Beginning with the line containing "Bigeye Thresher Shark" and ending with the line containing "hanstholmfisk1975_10", write out each line of the records below exactly; pictures and lines outside that range are left out.

Available data.
----------------------------------------

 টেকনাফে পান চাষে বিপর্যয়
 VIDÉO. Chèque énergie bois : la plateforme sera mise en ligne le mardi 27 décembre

----------------------------------------

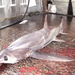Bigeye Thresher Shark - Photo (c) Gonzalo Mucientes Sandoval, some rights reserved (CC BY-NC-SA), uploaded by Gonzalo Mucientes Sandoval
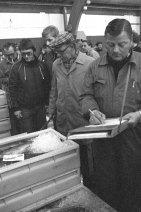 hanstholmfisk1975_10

----------------------------------------

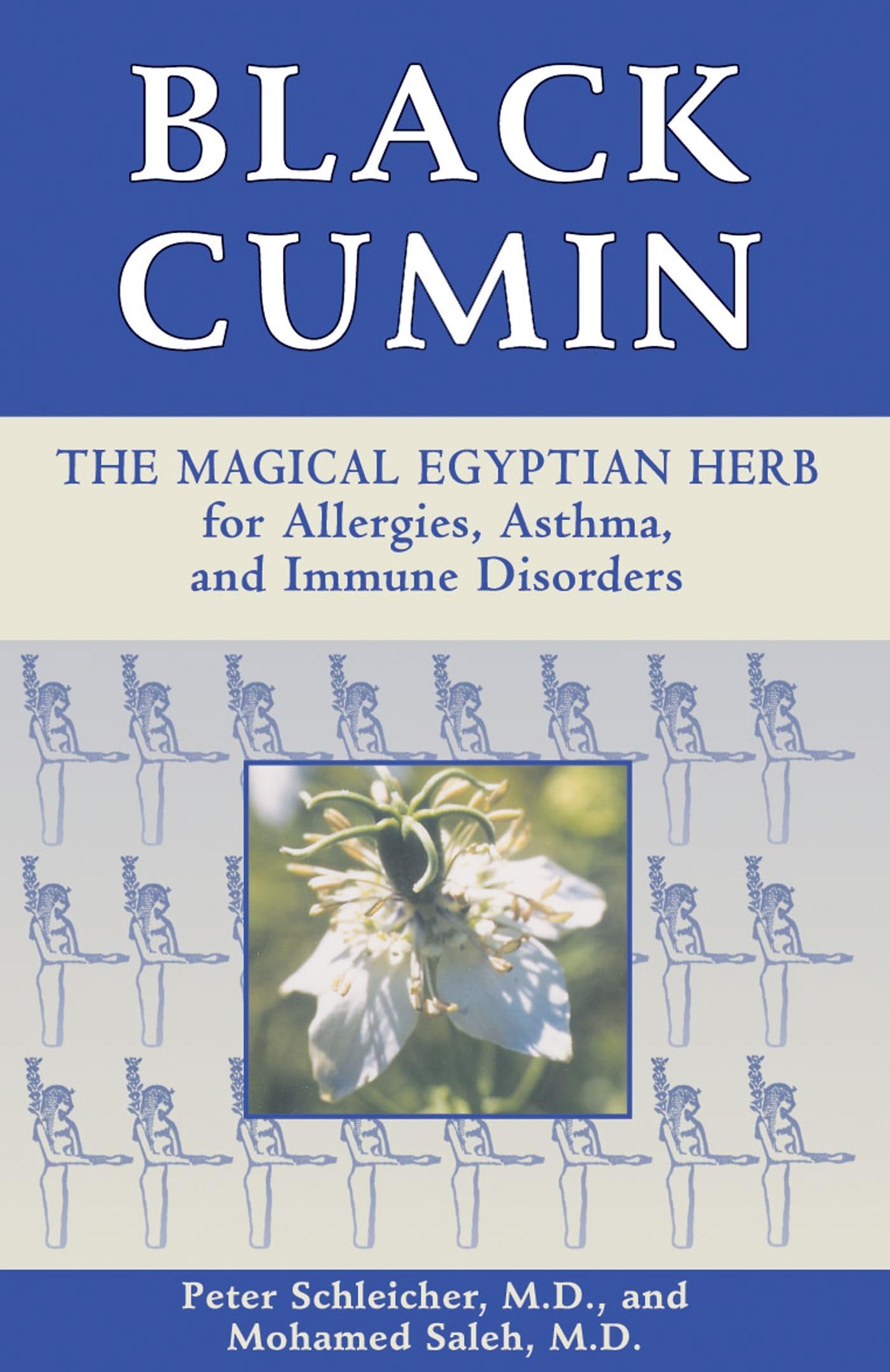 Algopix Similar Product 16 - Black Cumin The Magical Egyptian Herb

----------------------------------------

Response to this task.
Bigeye Thresher Shark - Photo (c) Gonzalo Mucientes Sandoval, some rights reserved (CC BY-NC-SA), uploaded by Gonzalo Mucientes Sandoval
 hanstholmfisk1975_10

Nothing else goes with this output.